The Green Party has said it is to lodge a complaint to the European Commission over the controversial Adamstown development planned for the South Dublin area.
An oral hearing into the plan to create a new town at Adamstown, near Lucan, opened yesterday in Dublin and is expected to last for at least a week.
The Green Party said it will make a complaint over the failure by the planning authority South Dublin County Council to require an Environmental Impact Assessment (EIS) for the Adamstown development.
Under the draft plan approved by the council, some 10,000 housing units would be built on a 500-acre site at Adamstown. The new town would eventually grow to a population of 20,000, making it bigger than many towns in the Greater Dublin Area.

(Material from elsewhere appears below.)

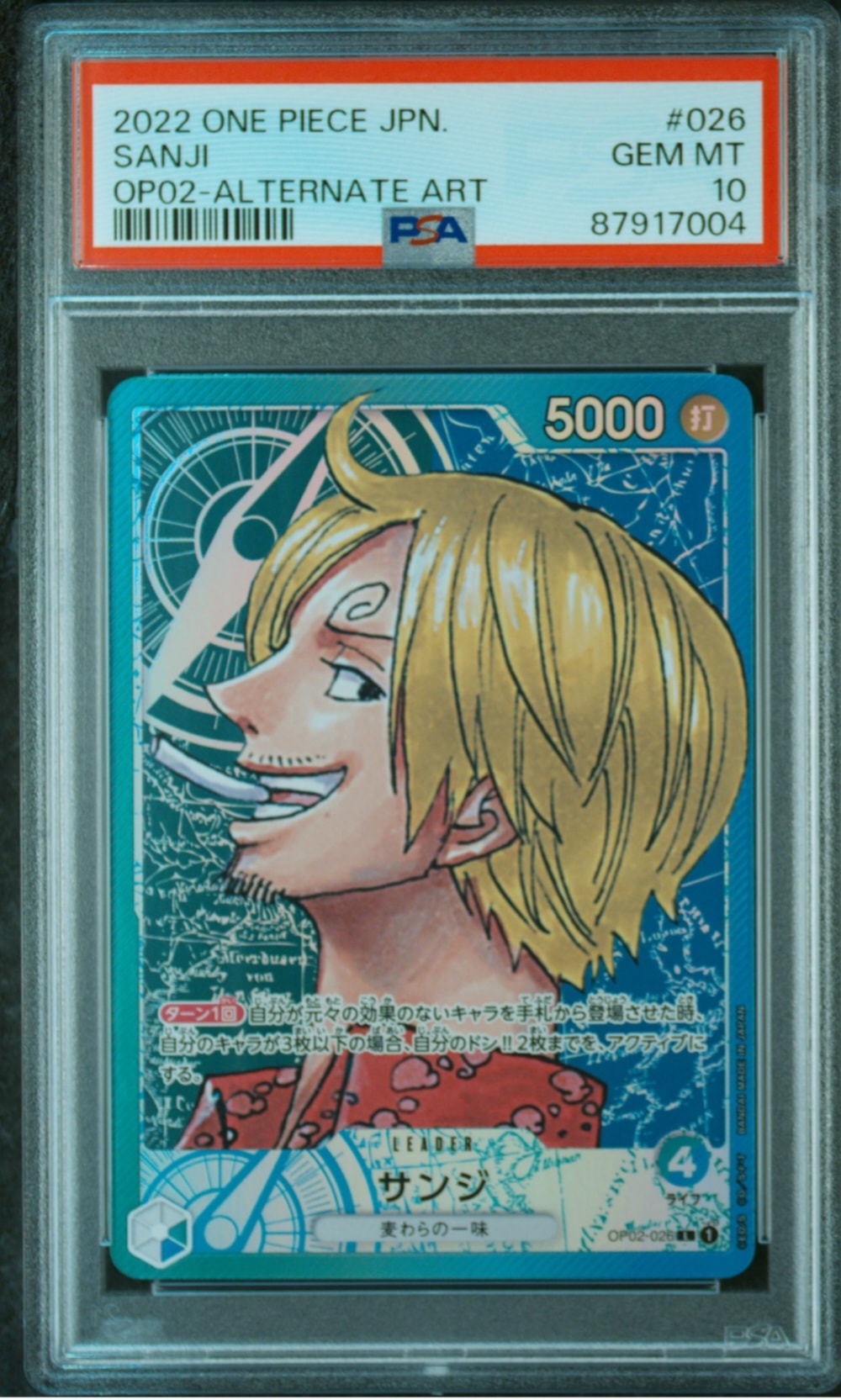 サンジ L-P [OP02-026] (ブースターパック頂上決戦)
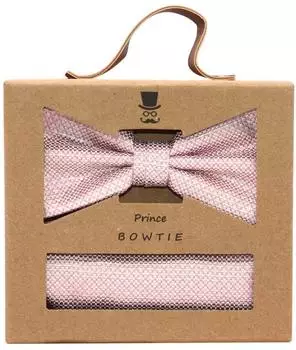 Seidenfalter Prince Geschenkset Fliege & Einstecktuch rosa (FT88006)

Some residents' groups in the Lucan area are opposing the development on the grounds it will create traffic congestion and that there is inadequate infrastructure to support it. They are represented at the oral hearing.
Lucan Green Party representatives Paul Gogarty TD and Councillor Fintan McCarthy claim the council has breached European Directive number 85/337/EEC in failing to prepare an EIS for the development.
Mr Gogarty said: "The [Adamstown] planning scheme fails to require an EIS upon the entire development site prior to the commencement of construction. This is an indefensible position for a planning authority to take given that we are talking about the largest single development in the history of the State".
Mr McCarthy said the reasoning behind the refusal by planners to specify the need for an EIS revolved around whether or not the Adamstown scheme constitued a "project".
"It is not good enough that wordplay is used to avoid the obvious need for a comprehensive assessment of the development," he said.
Both Green Party representatives are attending the Adamstown hearing for its duration.
Counsel for the Deliver It Right Campaign, which is campaigning for proper infrastructure to be put in place before any development at Adamstown, today outlined its reasons why an EIS is required under Irish and EU law.